Double Eagle II Airport
Englewood, Colo.-based Aviation Technology Group announced last month it had selected Albuquerque, N.M., as the manufacturing site for the two-seat, Williams FJ33-powered Javelin. The selection followed the approval by the New Mexico Investment Council of a “significant investment” in ATG at a meeting on January 20. The state’s Private Equity Committee had earlier recommended the investment to the council.
Utilicraft Aerospace Industries, a spin-off of American Utilicraft, last month gave Metalcraft Technologies (MTI) the go-ahead to construct the initial subassembly center fuselage section of the prototype FF-1080-300, as per the terms of a manufacturing agreement struck between the companies late last year.
American Utilicraft last month said it will spin off Utilicraft Aerospace Industries, a newly formed Nevada corporation, as part of an agreement with The Navajo Nation, which is investing $34 million in exchange for a 25-percent stake in the new company. The funds will be used for Phase I FAA certification for the FF-1080-300 freight feeder.
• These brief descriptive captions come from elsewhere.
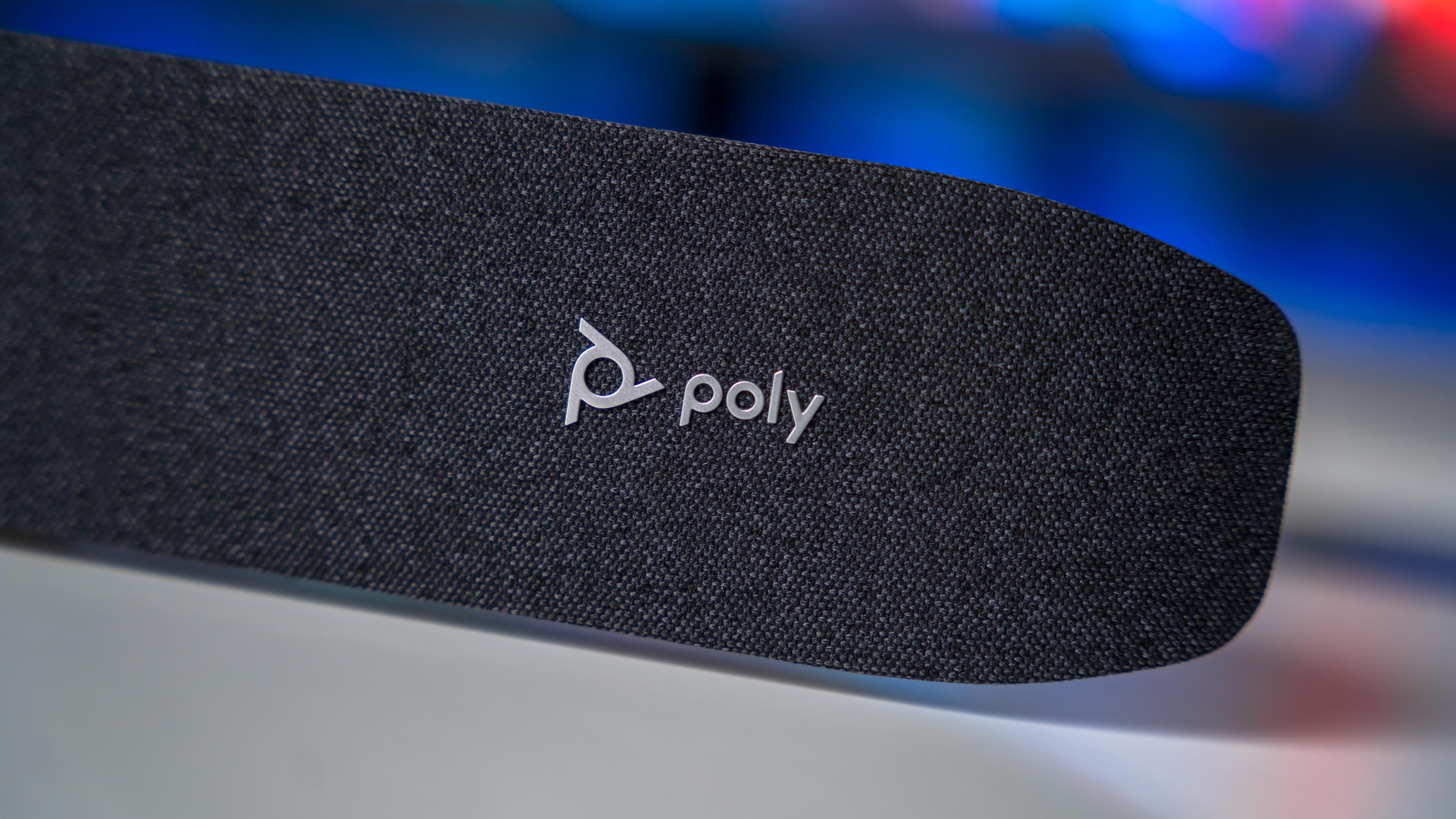 Poly Studio P15 Video Bar (2)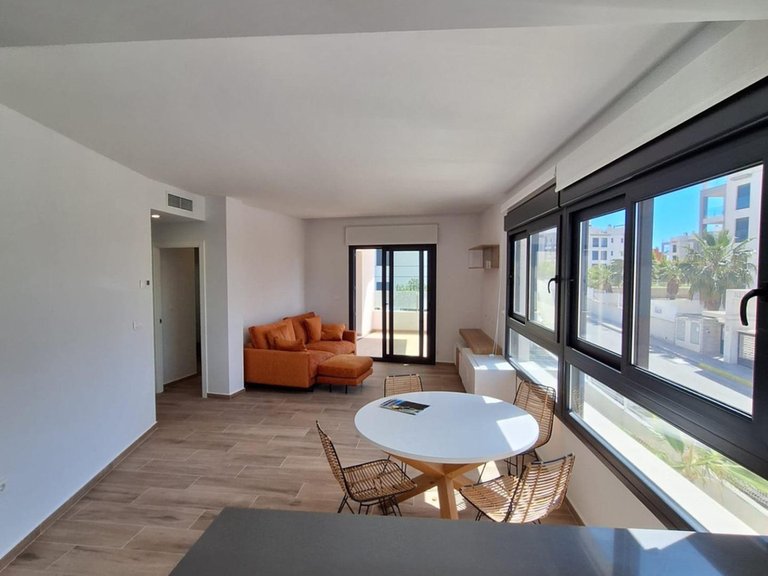 Apartment for Sale in San Miguel De Salinas, Alicante 16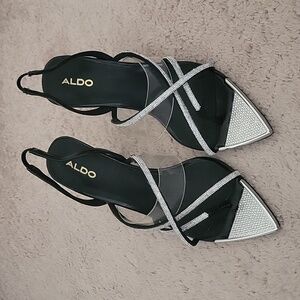 Aldo heels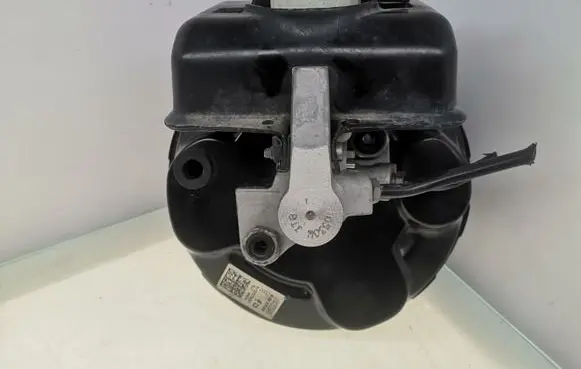 Audi A4 S4 B8 8K Brake booster 8K0612103M 8K0611367A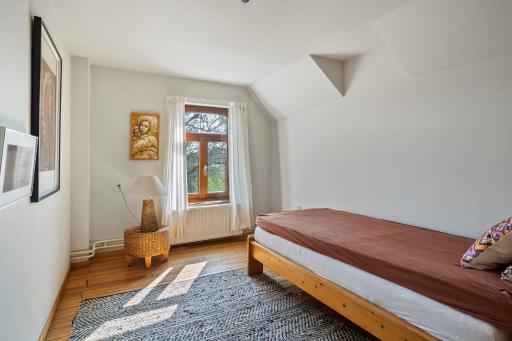 boerderij, voorhuis - Housity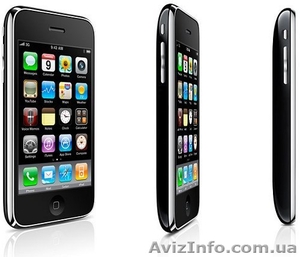 Ipfone 3GS  без тиви вай фай и навигации #308473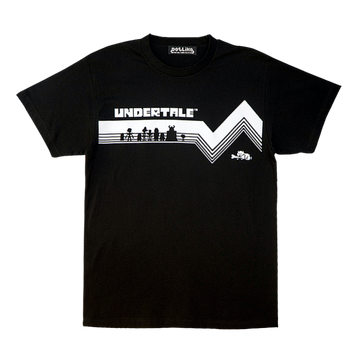 UNDERTALE LINE-T (EDITMODE ver.)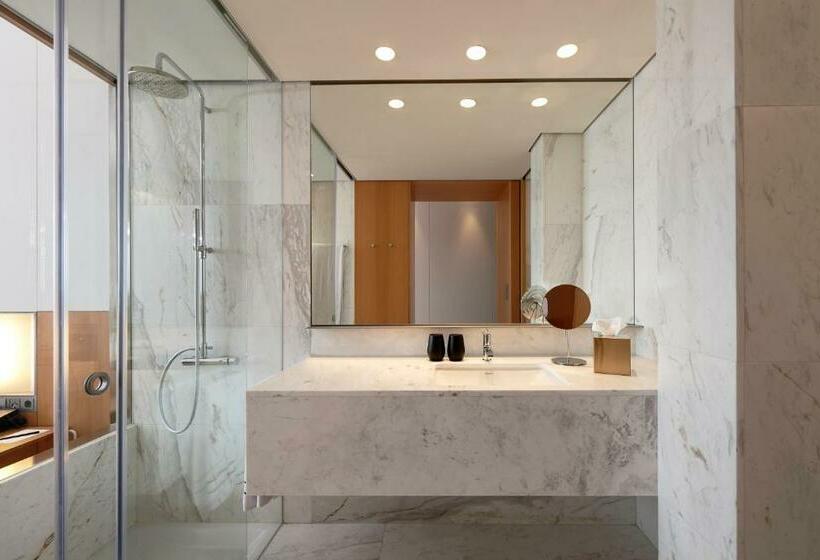 带2个卧室的套房, Melia Palma Bay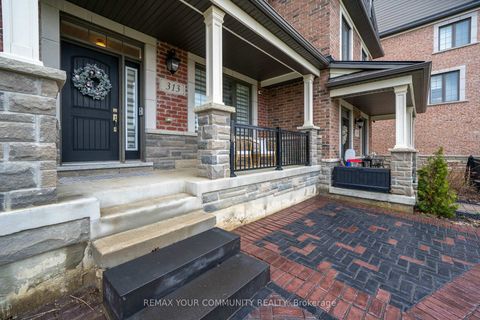 Photo 28 at 313 Kleinburg Summit Way, Kleinburg, Vaughan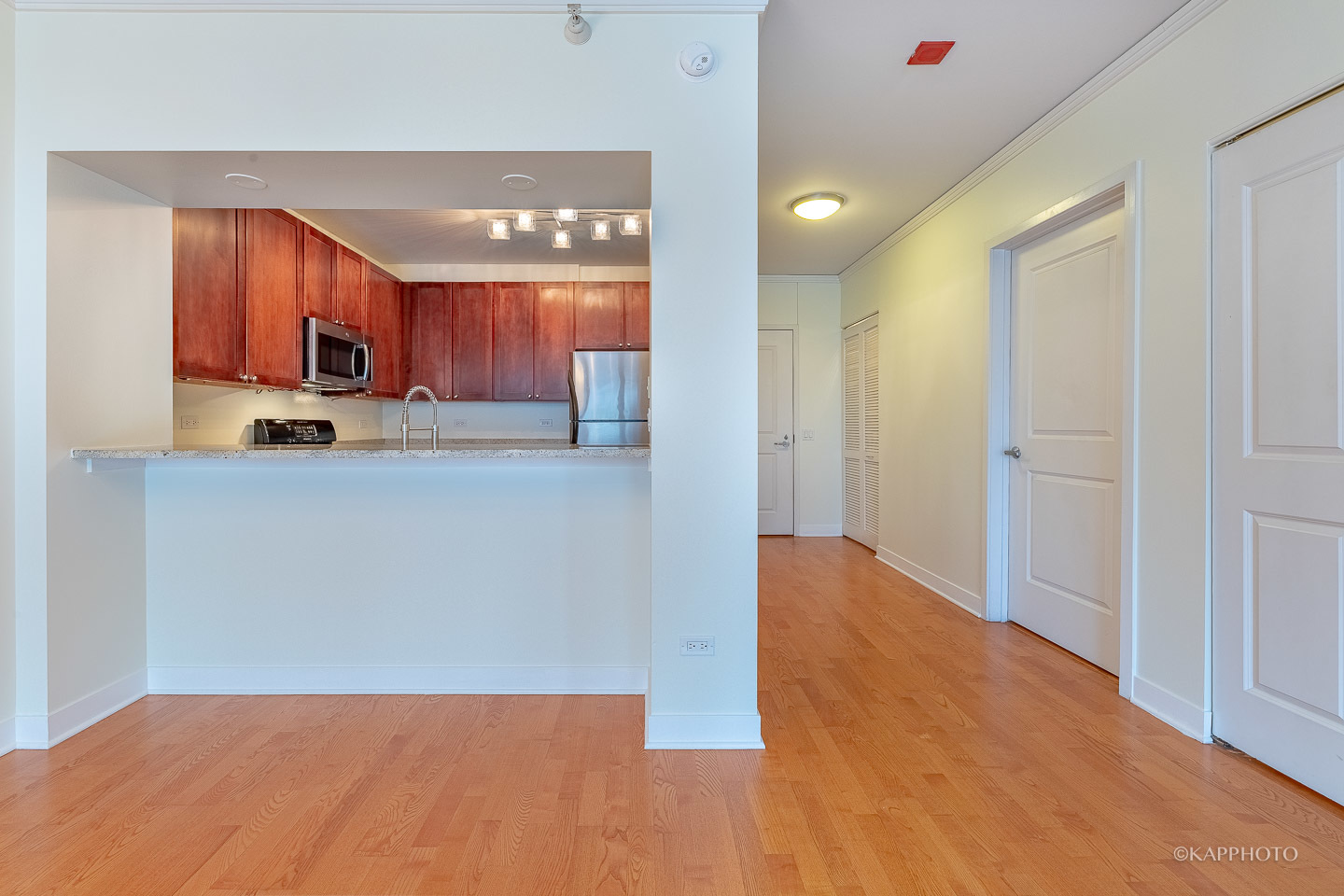 200 N Jefferson Street Unit: 1507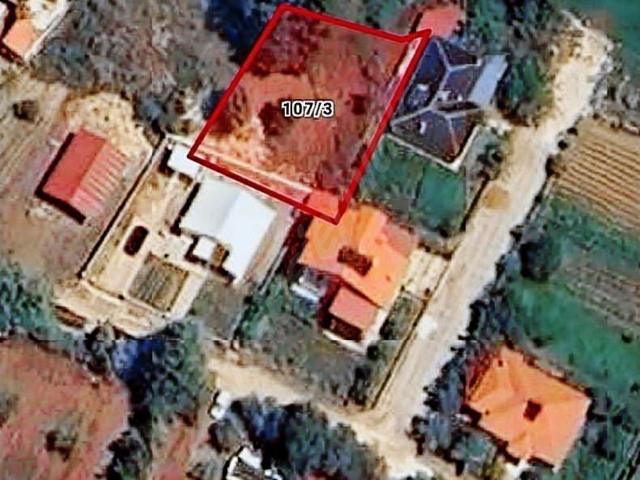 Fethiye, Muğla içerisinde satılık Arsa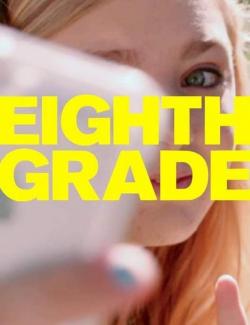   / Eighth Grade (2018) HD 720 (RU, ENG)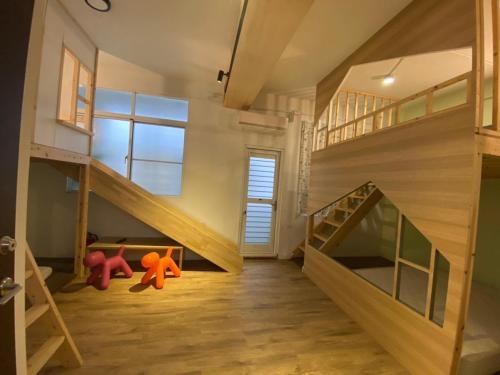 Peekaboo Homestay
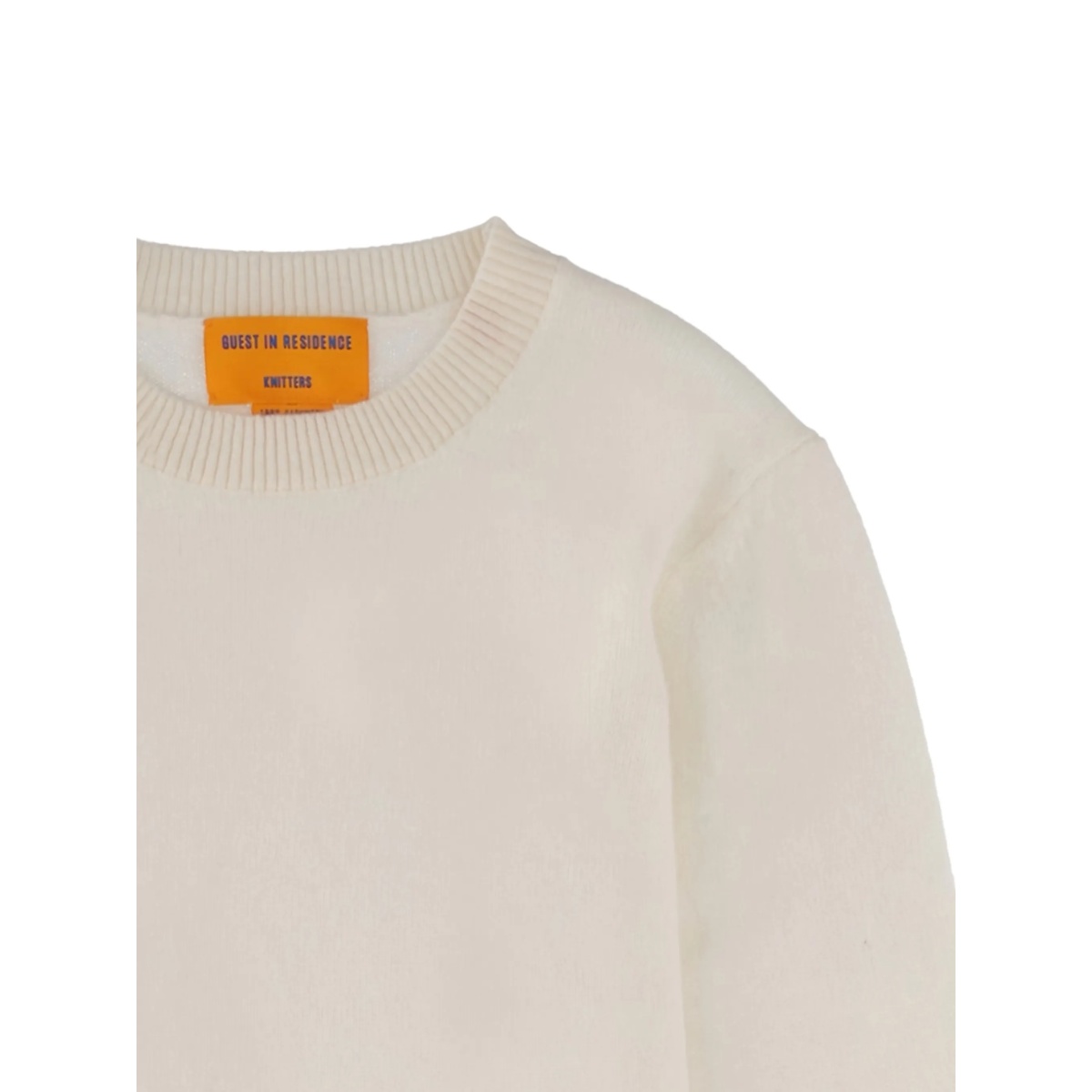 crew-neck sweater - Img 2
There are signs of life at Utilicraft Aerospace, which now trades on the stock market as symbol UITA on the Over The Counter Bulletin Board. Utilicraft also announced plans to build a new facility at Double Eagle II Airport in Albuquerque, N.M. Early last month the company signed a letter of intent for construction of a 55,000-sq-ft facility where it will build the twin-engine FF-1080-300ER.